Netflix interprets this data to mean that the majority of streamers would prefer to have a whole season of a show available to watch at their own pace. The company then revolutionized the television industry by deciding to release its own original series whole seasons at a time, rather than making viewers wait each week for a new episode to become available. Sarandos believes that viewer-controlled, multi-episodic viewing – aka binge watching – is most appropriate for the new digital, on-demand generation. However, he admits that in the beginning, no U.S. network partner would have ever worked with the company to co-produce a series released in such a manner. In order to change how television is distributed, then, as in the case of the Sandler deal, Netflix had to buy a domestic program that it could control start to finish (Next). That program was House of Cards. [open notes in new window]
Of course, the company’s delivery strategy makes Netflix’s television development deals profoundly more risky because it means they must purchase an entire season of a show before testing its audience appeal. Controlling this risk is why Sarandos admits that “big data is a very important resource to allow us to see how much to invest in a project,” adding that commissioning decisions at the service are “70% science and 30% art” (Martinson). In the case of House of Cards, though, the risk seems to have paid off. The show has already been nominated for thirty-three Emmy Awards and has taken home four, including Best Casting, Directing, Cinematography and Sound Mixing for a drama series. Kevin Spacey and his co-star, Robin Wright, also won the Golden Globe Award for best acting in a television series in 2015 and 2014 respectively. The series’ critical acclaim also put Netflix on the map for original television programming and helped grow subscribers from 27.1 million to 33.4 million in 2013, the year the series premiered. It is highly unlikely that the Adam Sandler deal will earn Netflix similar kinds of accolades, but clearly both House of Cards and the Sandler deal are industry game changers, and Netflix has decided to continue its binge-release strategy for its subsequent programs.

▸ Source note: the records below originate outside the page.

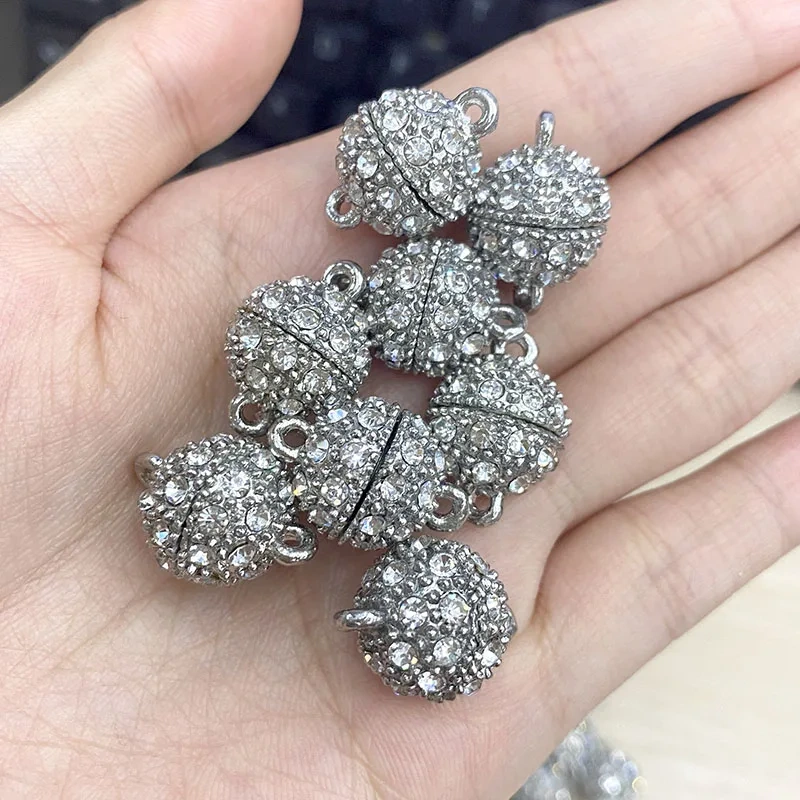 Rhodium Color Magnetic Round Necklace Spotted Clasps Crystals Beads Paved Jewelry Findings 100pc Per Lot
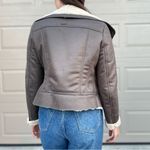 Bebe  Sherpa Lined Asymmetrical Zip Front Cropped Vegan Suede Farmers Jacket S Photo 4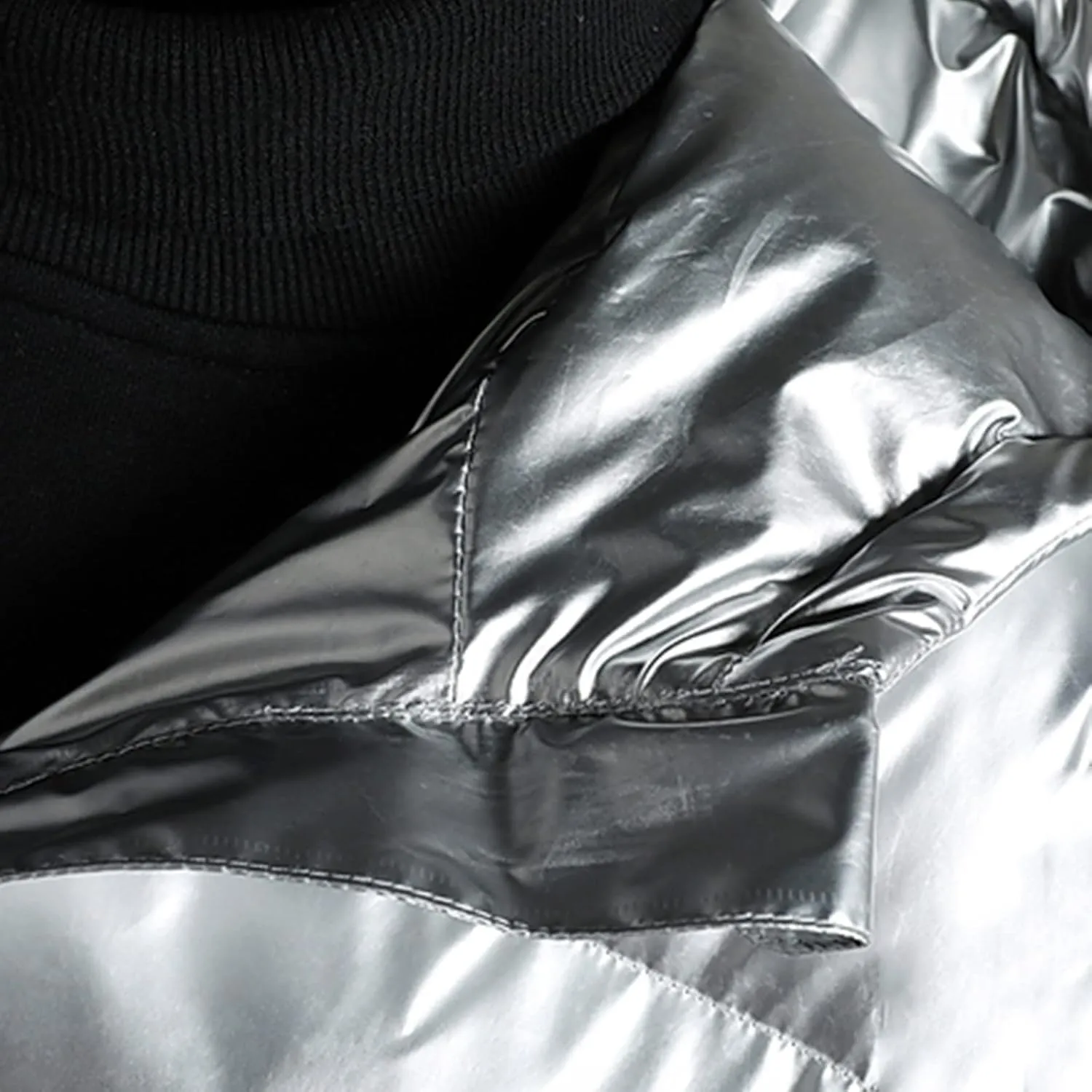 Men's Shiny Puffer Jacket Stand Collar Quilted Coat Lightweight Down Jacket Zip up Padded Coat Glossy Winter Jacket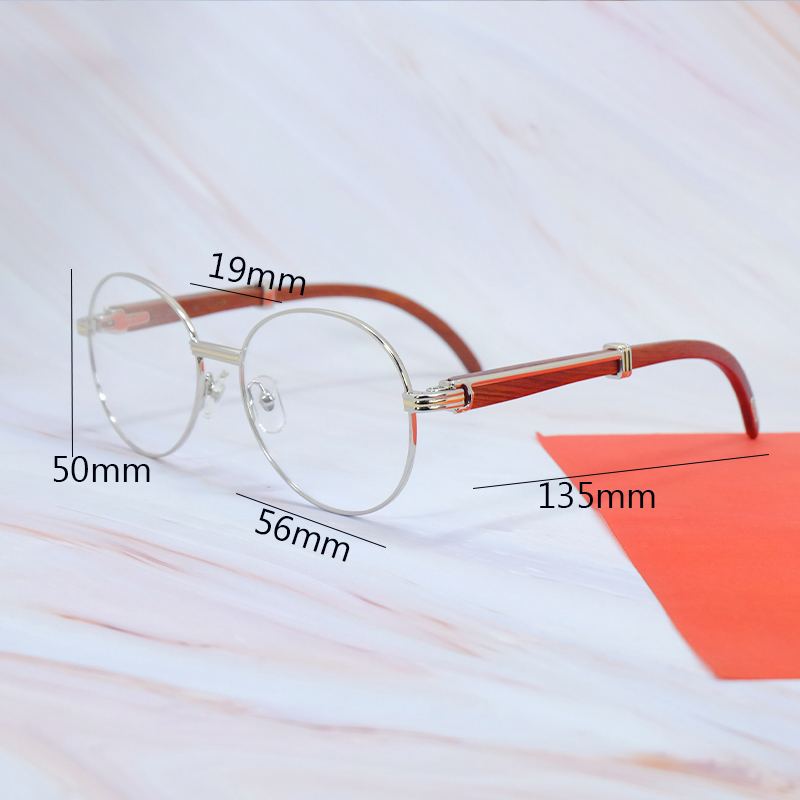 Wooden Eyeglasses Frame Fashion Round Eyewear Wood Stylish Fashion Spectacles Luxury Carter Mens Overiszed Cool Decoration Eye Glasses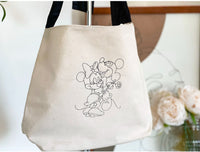 Mickey and Minnie Embroidered Tote Bag with Bow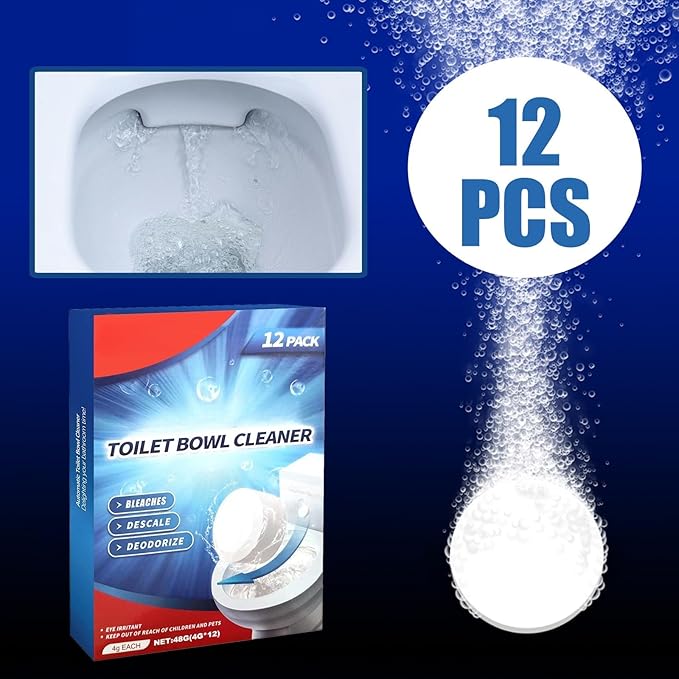 Toilet Bowl Cleaner Tablets 12 Packs, Household Toilet Cleaner with Bleach for Deodorizing and Descaling, Bathroom Cleaner Fresh Scent, Compatible with effective to use Works with Toilets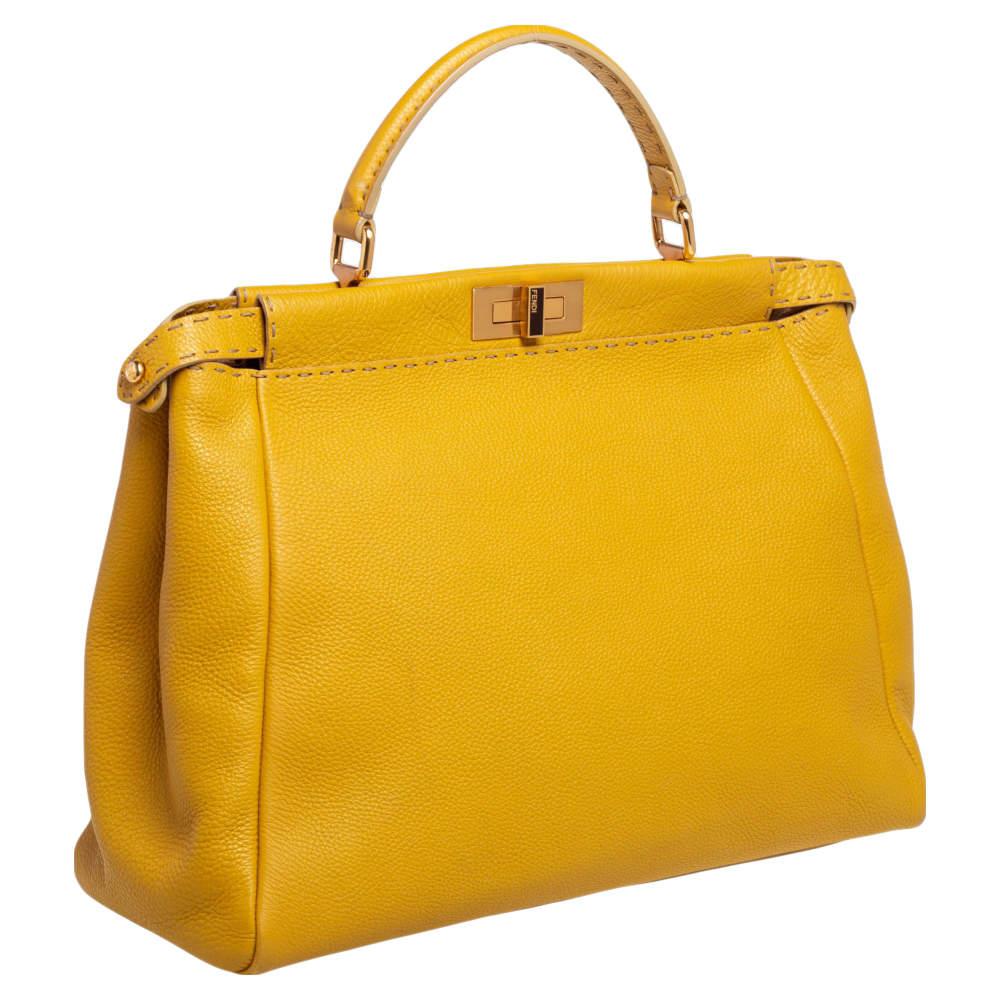 Women's Fendi Yellow Selleria Leather Large Peekaboo Top Handle Bag
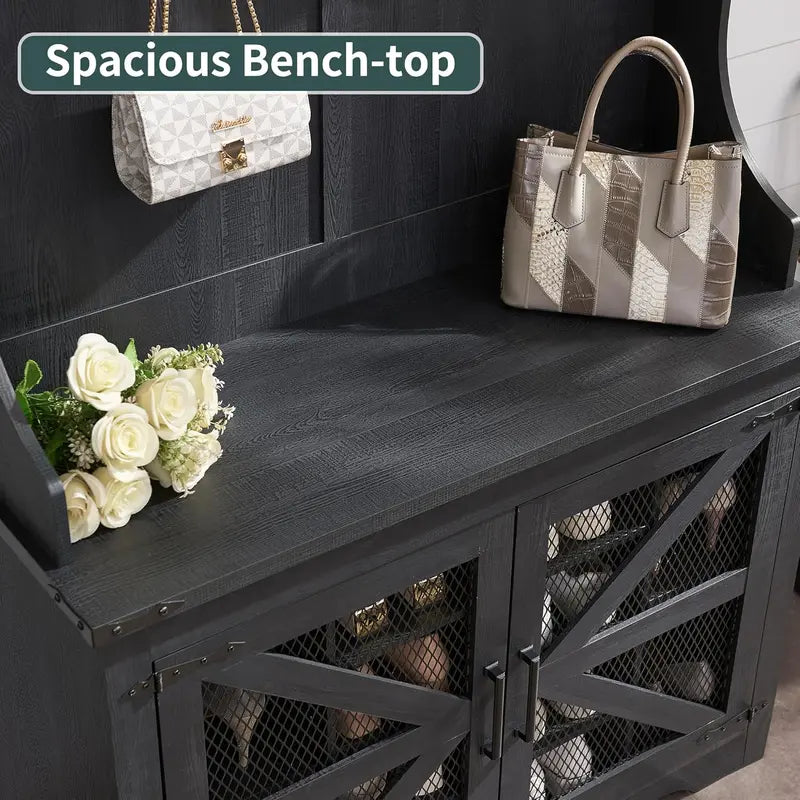 JXQTLINGMU Farmhouse Entryway Bench – 59-Inch Shoe Storage Foyer Tree with Coat Hooks & Cabinet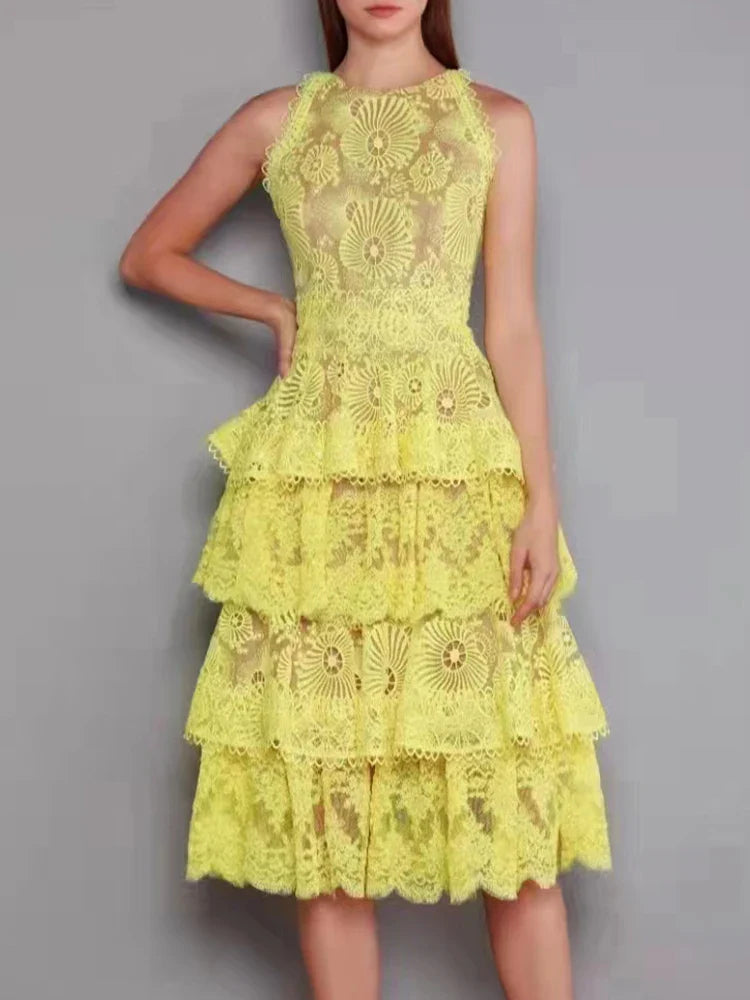 Vintage Lace Patchwork Ruffle Dress for Women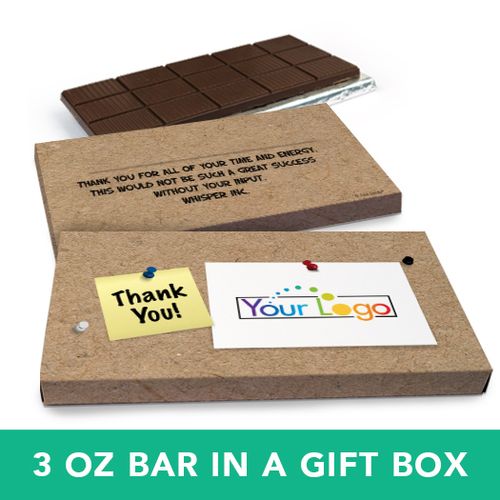 Deluxe Personalized Business Add Your Logo Belgian Chocolate Bar in Gift Box (3oz Bar)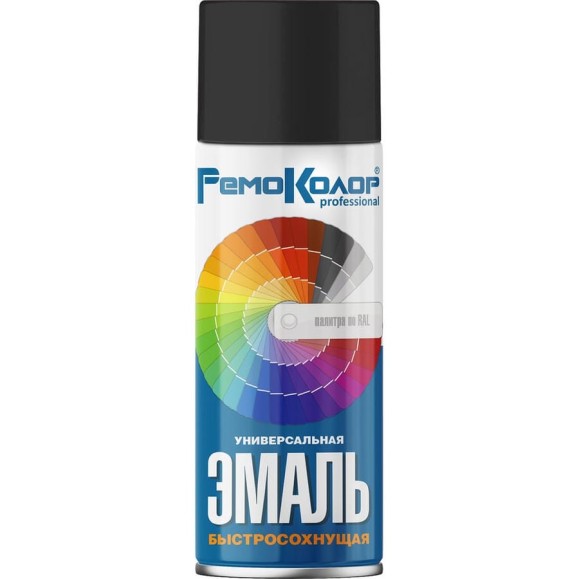 Универсальная акриловая эмаль РемоКолор (черная; матовая; 520 мл) 69-9-110 Универсальная акриловая эмаль РемоКолор (черная; матовая; 520 мл) 69-9-110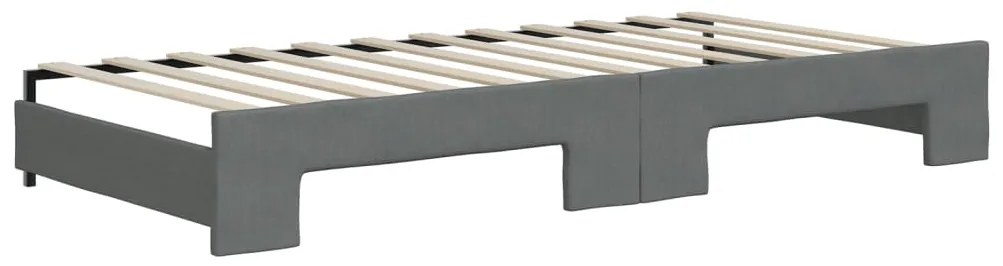 Sofá-cama c/ gavetão e gavetas 90x200 cm tecido cinzento-escuro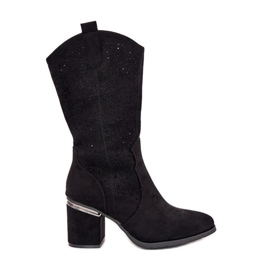 S.Barski Openwork Boots Half-calf Cowboy S. Barski Hy51-238 Black černý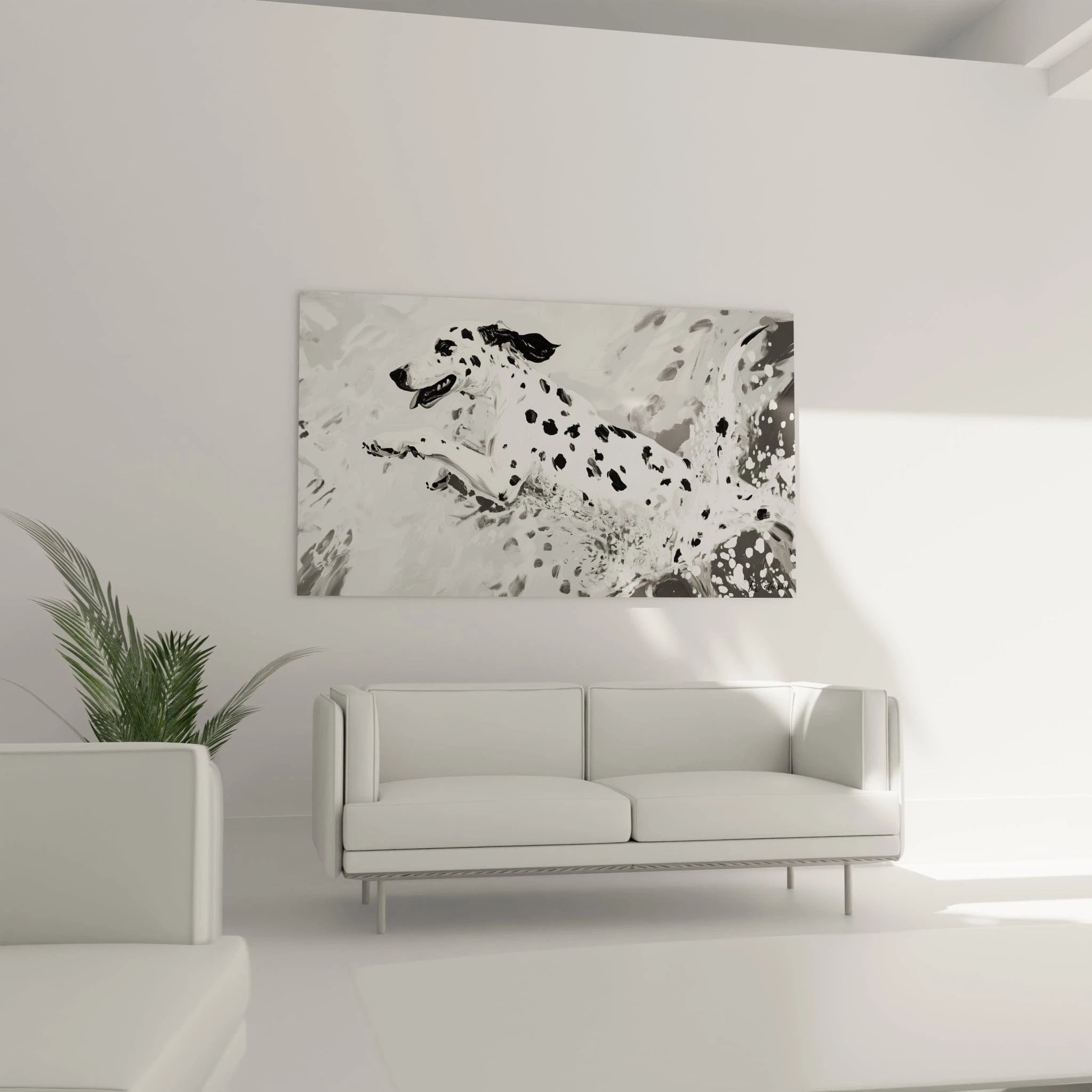 Tableau noir et blanc d'un chien en train de nager, signé Walensky, parfait pour une décoration moderne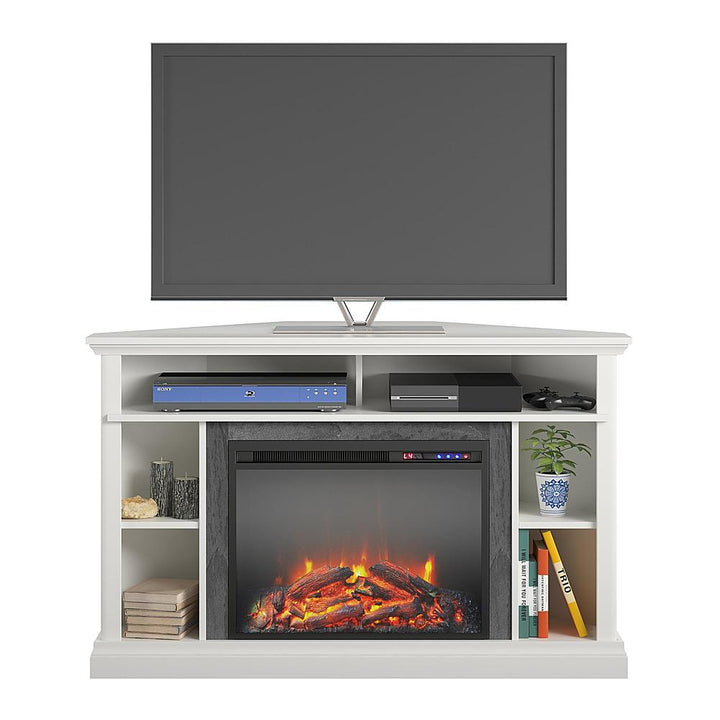 Ameriwood Home Overland Electric Corner Fireplace for TVs up to 50" - White_3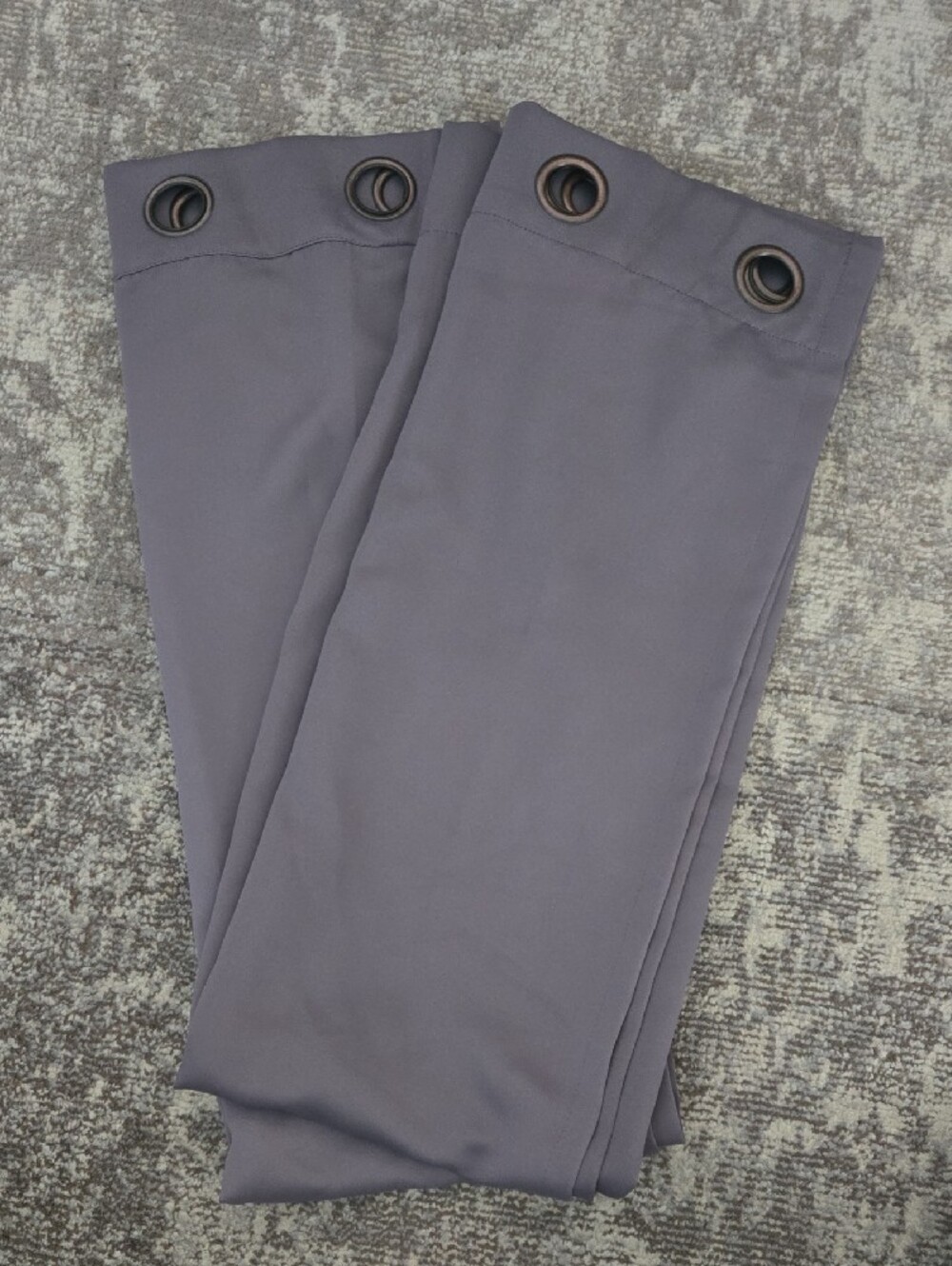TWO Gray Black-Out Curtain Panels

For all of its data acquisition, Netflix has surprisingly refused to release one of its most basic metrics to either its content creators or the public: namely, how many people actually stream Netflix shows or movies. And this refusal is changing the way television content and artists’ values are determined.
On some levels, Netflix’s secrecy makes sense. Because its streaming business offers a subscription-based, ad-free service, it sees little reason to release ratings data to the public. In the United States, viewing numbers are typically collected by the Nielsen Media Company, an independent, third party that tells producers, networks and advertisers how many people watched a particular episode of a program on a given week. The television industry uses this data as a comparative metric to evaluate a program’s success, establish advertising rates and negotiate creative talents’ contracts when up for renewal.
Because Netflix does not earn money from advertisers and because people can watch episodes whenever they want, traditional ratings data means little to the company and thus it sees few reasons to release viewership numbers to the public. But oddly, the secrecy over how many people have watched its original programs extends to the creators of the programs themselves. For example, Beau Willimon, the show runner of House of Cards said,
"To this day, I have no idea how many people have watched [my series] on Netflix. They have never given me any data whatsoever. All they say is, 'Well, we're doing well and we'd like another season.' And that's really all I need to know" (Howard).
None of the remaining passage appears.